Drilling is a cutting process that involves the use of a drill bit to cut a circular-shape hole in a workpiece. The drill bit used in drilling is a type of rotary cutting tool that, like other rotary cutting tools, rotates while subsequently scraping material out of the workpiece. To drill a workpiece, a manufacturing company must press the drill bit against the workpiece. When the drill is activated, the drill bit will dig its way into the workpiece while creating a circular-shaped hole in the process.
It’s a common assumption that drilling can only be performed on soft materials like wood. Many drilling processes do, in fact, involve wooden workpieces, but others involve workpieces made of harder materials, including metal. As long as the drill bit is harder than the workpiece, it will scrape out material to create a circular-shaped hole.
What Is Boring?
Boring is a cutting process that involves the use of a single-point cutting tool or boring head to enlarge an existing hole in a workpiece. This is in stark contrast to drilling, which is performed to create an initial hole in a workpiece.
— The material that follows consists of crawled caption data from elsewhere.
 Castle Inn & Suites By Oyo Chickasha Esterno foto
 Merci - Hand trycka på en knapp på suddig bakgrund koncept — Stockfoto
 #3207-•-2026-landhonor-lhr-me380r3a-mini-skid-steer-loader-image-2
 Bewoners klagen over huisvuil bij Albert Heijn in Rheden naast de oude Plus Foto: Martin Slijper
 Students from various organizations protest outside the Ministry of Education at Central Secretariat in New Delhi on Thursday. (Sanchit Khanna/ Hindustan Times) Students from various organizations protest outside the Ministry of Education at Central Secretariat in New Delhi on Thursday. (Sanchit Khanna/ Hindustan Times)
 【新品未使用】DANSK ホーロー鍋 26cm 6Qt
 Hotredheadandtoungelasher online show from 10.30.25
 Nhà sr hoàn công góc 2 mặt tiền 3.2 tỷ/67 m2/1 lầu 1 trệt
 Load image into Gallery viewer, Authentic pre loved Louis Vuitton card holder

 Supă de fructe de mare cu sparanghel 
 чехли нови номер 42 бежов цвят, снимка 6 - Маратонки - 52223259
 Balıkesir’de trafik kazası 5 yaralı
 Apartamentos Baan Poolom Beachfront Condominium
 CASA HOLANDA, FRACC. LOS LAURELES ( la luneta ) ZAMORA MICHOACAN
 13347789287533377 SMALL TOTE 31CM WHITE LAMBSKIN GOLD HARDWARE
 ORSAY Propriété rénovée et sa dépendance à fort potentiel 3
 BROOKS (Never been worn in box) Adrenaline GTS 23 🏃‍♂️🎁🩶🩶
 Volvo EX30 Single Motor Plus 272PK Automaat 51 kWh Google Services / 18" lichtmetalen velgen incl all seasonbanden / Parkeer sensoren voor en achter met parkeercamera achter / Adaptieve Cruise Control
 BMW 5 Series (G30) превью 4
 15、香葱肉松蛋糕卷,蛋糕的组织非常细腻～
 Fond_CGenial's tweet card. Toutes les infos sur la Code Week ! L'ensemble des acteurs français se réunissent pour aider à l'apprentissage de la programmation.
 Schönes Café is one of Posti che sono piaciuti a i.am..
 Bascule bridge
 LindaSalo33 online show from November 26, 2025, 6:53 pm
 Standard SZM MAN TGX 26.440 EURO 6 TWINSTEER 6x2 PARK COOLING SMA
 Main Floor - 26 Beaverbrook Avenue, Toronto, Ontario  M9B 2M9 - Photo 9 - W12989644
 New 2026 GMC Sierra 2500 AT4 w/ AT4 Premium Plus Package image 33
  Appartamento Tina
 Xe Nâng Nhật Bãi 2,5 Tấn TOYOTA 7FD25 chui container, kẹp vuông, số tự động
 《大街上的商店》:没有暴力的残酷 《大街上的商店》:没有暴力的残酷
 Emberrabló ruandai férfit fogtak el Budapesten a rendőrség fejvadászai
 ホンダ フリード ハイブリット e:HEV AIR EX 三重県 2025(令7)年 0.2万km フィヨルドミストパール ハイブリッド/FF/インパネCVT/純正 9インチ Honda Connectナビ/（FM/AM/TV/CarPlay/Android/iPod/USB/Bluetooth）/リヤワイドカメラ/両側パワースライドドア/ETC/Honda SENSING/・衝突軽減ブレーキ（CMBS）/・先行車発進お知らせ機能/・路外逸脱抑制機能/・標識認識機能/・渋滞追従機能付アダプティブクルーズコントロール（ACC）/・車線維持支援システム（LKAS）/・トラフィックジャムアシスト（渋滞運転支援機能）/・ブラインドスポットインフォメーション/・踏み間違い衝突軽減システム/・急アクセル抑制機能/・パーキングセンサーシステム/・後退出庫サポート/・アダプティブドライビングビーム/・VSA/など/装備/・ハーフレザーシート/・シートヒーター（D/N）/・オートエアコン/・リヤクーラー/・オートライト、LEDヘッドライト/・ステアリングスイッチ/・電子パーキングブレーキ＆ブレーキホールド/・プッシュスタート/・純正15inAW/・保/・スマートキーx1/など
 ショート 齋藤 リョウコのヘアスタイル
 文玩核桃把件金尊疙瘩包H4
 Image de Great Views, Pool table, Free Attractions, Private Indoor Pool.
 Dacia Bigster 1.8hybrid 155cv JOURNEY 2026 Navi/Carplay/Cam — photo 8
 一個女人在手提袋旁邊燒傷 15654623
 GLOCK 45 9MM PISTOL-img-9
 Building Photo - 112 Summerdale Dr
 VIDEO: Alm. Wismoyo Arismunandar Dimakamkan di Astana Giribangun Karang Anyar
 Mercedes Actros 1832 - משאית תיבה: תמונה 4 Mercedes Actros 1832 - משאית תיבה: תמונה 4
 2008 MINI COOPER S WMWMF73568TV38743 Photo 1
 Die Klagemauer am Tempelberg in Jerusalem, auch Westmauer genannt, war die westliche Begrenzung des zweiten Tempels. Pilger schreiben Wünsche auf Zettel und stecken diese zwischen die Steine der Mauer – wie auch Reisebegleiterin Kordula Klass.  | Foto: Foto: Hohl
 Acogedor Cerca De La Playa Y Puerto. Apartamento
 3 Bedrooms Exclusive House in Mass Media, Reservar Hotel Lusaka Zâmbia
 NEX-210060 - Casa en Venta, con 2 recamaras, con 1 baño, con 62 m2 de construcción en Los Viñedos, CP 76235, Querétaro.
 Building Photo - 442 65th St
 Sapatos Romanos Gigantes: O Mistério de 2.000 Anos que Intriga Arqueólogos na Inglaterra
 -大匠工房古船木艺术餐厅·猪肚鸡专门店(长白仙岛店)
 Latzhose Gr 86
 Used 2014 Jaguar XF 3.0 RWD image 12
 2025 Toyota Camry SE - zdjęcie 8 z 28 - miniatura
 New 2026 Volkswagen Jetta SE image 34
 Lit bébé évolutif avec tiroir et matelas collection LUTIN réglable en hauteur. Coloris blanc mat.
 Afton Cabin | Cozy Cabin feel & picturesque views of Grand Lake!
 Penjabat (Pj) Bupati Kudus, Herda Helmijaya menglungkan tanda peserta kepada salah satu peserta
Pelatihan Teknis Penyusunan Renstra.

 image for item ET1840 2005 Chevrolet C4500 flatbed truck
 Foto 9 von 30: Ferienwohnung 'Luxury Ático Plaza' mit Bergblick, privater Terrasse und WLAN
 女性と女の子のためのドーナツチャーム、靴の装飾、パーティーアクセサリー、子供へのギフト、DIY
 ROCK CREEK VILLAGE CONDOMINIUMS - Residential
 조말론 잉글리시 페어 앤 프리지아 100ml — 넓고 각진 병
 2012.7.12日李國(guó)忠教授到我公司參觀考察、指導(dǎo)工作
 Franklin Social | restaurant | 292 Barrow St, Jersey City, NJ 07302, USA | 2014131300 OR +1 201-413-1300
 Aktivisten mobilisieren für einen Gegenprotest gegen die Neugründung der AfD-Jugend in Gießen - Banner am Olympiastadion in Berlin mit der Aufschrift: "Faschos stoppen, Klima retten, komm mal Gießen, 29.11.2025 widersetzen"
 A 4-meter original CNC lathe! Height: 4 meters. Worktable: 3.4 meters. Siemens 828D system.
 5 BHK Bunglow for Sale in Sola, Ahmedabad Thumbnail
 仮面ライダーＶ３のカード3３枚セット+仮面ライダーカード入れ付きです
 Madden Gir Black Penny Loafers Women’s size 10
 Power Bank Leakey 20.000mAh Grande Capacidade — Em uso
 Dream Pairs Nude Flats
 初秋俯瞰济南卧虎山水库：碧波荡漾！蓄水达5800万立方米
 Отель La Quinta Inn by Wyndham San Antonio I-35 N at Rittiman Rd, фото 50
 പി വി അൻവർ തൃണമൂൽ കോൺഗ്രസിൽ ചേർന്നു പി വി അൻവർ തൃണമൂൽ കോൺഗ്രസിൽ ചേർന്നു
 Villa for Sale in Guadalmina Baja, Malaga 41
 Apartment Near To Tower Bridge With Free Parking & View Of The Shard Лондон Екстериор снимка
Boring processes are typically performed using a lathe, milling machine or a horizontal boring mill. Each machine uses a different mechanism, but they are all designed to enlarge an existing hole in a workpiece — and that’s the defining characteristic of boring. While drilling is performed to create an initial hole in a workpiece, boring is performed to enlarge an existing hole in a workpiece.
What Is Reaming?
Finally, reaming is a cutting process that involves the use of a rotary cutting tool to create smooth interior walls in an existing hole in a workpiece. The rotary cutting tool used in reaming is known as a reamer. Like drill bits, reamers also remove material from the workpiece on which they are used. However, reamers remove significantly less material than drill bits. The primary purpose of reaming is simply to create smooth walls in an existing hole. Manufacturing companies perform reaming using a milling machine or drill press.